# SOURCE INFORMATION
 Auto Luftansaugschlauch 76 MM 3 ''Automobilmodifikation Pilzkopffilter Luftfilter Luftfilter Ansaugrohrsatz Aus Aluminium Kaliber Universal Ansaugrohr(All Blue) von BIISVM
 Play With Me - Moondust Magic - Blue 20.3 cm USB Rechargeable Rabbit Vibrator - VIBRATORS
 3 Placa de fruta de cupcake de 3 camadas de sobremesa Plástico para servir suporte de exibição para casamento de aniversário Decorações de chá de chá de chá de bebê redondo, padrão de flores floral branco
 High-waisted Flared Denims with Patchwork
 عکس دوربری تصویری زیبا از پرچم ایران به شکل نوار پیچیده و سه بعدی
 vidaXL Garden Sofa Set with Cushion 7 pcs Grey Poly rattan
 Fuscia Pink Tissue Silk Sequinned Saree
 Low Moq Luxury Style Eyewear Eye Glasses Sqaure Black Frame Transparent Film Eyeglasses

# YOUR TASK
With nothing added or left out, print the data again.

# RESULT
 Auto Luftansaugschlauch 76 MM 3 ''Automobilmodifikation Pilzkopffilter Luftfilter Luftfilter Ansaugrohrsatz Aus Aluminium Kaliber Universal Ansaugrohr(All Blue) von BIISVM
 Play With Me - Moondust Magic - Blue 20.3 cm USB Rechargeable Rabbit Vibrator - VIBRATORS
 3 Placa de fruta de cupcake de 3 camadas de sobremesa Plástico para servir suporte de exibição para casamento de aniversário Decorações de chá de chá de chá de bebê redondo, padrão de flores floral branco
 High-waisted Flared Denims with Patchwork
 عکس دوربری تصویری زیبا از پرچم ایران به شکل نوار پیچیده و سه بعدی
 vidaXL Garden Sofa Set with Cushion 7 pcs Grey Poly rattan
 Fuscia Pink Tissue Silk Sequinned Saree
 Low Moq Luxury Style Eyewear Eye Glasses Sqaure Black Frame Transparent Film Eyeglasses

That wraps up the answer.